The command options are as follows:

  • -s md_0_1.tpr: The input structure file (TPR) that contains the system topology.
  • -f md_0_1_noPBC.xtc: The input trajectory file (XTC) with PBC removed.
  • -o rmsd.xvg: The output file (XVG) that will contain the RMSD values over time.
  • -tu ns: Specifies that the time unit should be nanoseconds.

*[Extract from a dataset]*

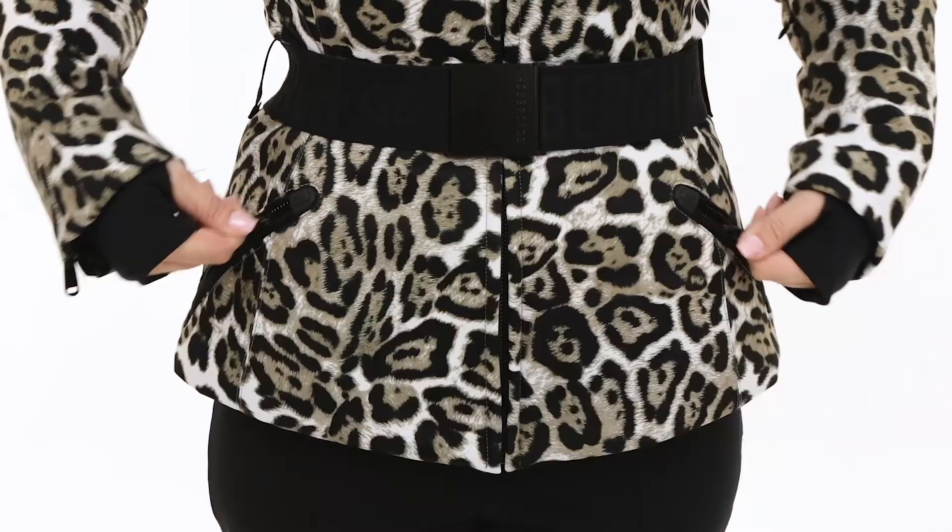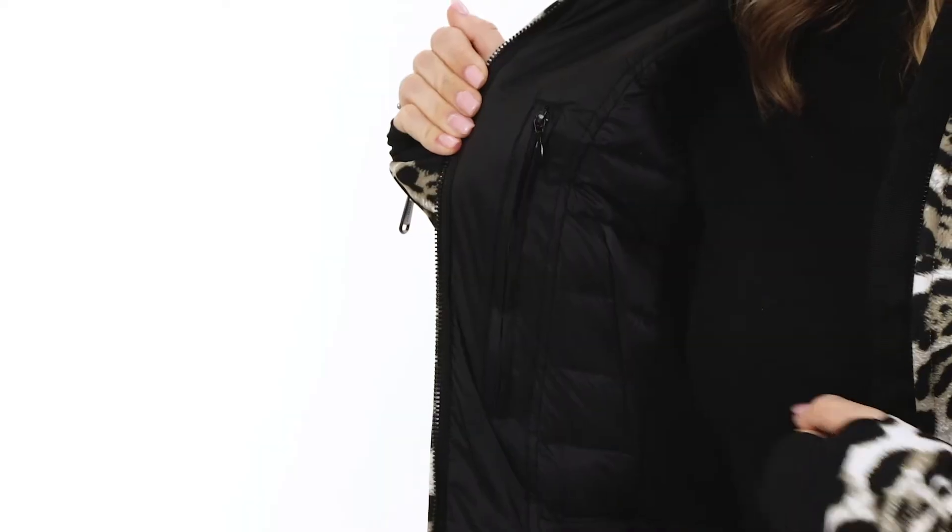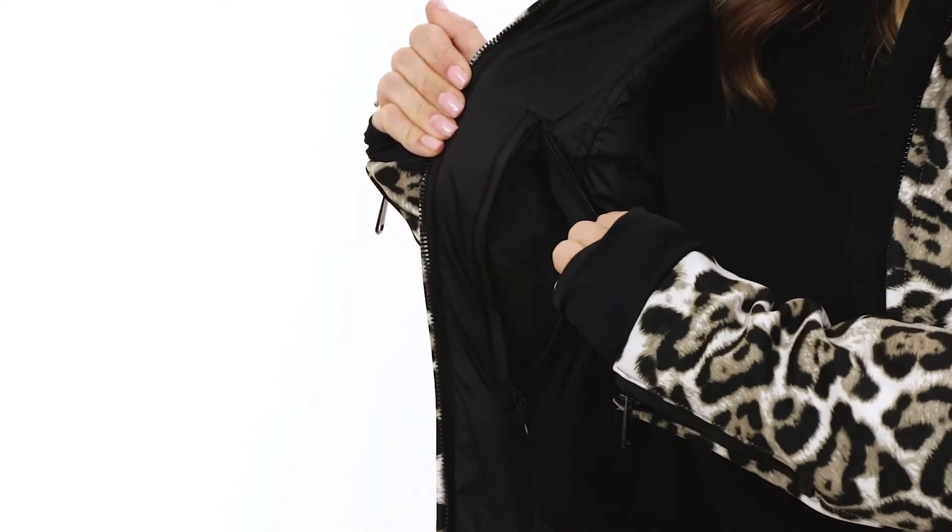When it comes to pockets, there's plenty, including two waist pockets and a pass pocket on the sleeve. On the inside, there are two zippered pockets to hold your smaller items.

Check here for other flags.

  1. Calculating RMSD relative to the crystal structure: To calculate the RMSD relative to the crystal structure, you can compare the trajectory with PBC removed (md_0_1_noPBC.xtc) to the crystal structure file. Use the following command:
gmx rms -s crystal_structure.pdb -f md_0_1_noPBC.xtc -o rmsd_crystal.xvg -tu ns

Here, crystal_structure.pdb represents the file containing the crystal structure coordinates. The output file rmsd_crystal.xvg will contain the RMSD values calculated relative to the crystal structure.